I spotted CRAWL! in an ad in the back of the
DCC RPG book. Since I like to support projects like this, I signed on right away.
http://crawlfanzine.blogspot.com/A six month subscription is $21.
Issue #1 starts with a hilarious twist: Black ink printed on a black cover. I don't know if this is intentional or not. A gold sticker reading "CRAWL! #1" might be a way of fixing the black on black decision. This is just the sort of gaming quirk that makes collector history. "Does anyone have a gold label copy of CRAWL! #1?"
The writers are Reverend Dak and Brett Miller. Reverend Dak is the guy who did the design and publishing. Brett Miller did part of the halfway decent art, along with a guy named Count Spatula. (Which makes me wonder how many spatulas he has and if he has...you know...counted them.)
At this point in the fanzine's history, most of the issue is dedicated to rules variants (and fixes) for the
Dungeon Crawl Classics RPG. One concept I found intriguing was how to run a campaign without clerics. Some gamers apparently think spell-casting clerics do not fit in the sword and sorcery genre. There are alternative rules for how to survive (literally) without them.
* It strikes me that simply adding the cleric spell list to the wizard spell list and booting the rest of the cleric class would solve the problem nicely.*There is a feature about a "patron" named Van den Danderclanden that looks like it might be interesting....if I could make any sense of what Van den Danderclanden is supposed to do or be. (This would probably make more sense to me if I'd actually read the rules through. I probably ought to do that.) There's a chart for various "invoke patron" check results. There's also another chart for determining a "patron taint" for calling on Van den Danderclanden..."when a patron taint is indicated."

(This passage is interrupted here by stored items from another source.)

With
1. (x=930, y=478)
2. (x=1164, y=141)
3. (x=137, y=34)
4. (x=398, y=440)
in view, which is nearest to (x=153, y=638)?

There are also various articles on alternative spell result variants and critical hits, passive skill checks and OSR conversion rules.

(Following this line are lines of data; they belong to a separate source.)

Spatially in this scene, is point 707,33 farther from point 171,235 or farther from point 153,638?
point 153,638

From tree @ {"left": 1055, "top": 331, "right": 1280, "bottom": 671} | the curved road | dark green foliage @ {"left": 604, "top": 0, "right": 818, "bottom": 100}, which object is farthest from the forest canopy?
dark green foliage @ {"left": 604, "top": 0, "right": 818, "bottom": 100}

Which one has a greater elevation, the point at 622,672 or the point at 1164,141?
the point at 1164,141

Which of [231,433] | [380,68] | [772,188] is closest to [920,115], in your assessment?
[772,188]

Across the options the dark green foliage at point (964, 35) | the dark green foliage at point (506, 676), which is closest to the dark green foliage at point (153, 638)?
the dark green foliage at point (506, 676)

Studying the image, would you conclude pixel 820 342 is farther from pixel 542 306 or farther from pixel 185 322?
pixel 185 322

CRAWL! #1 is a saddle-stitched, digest publication with 20 interior pages. The cover is very heavy cardstock...printed black on black, so you need a shiny light to read it.
I would advise collectors to jump on the publication's relatively low price and likely high collectibility.
I would like to see more adventure and less rules variants in future issues.
CRAWL! #1 and LOVIATAR #10 arrived from California addresses on the same day....but I think it's just coincidence.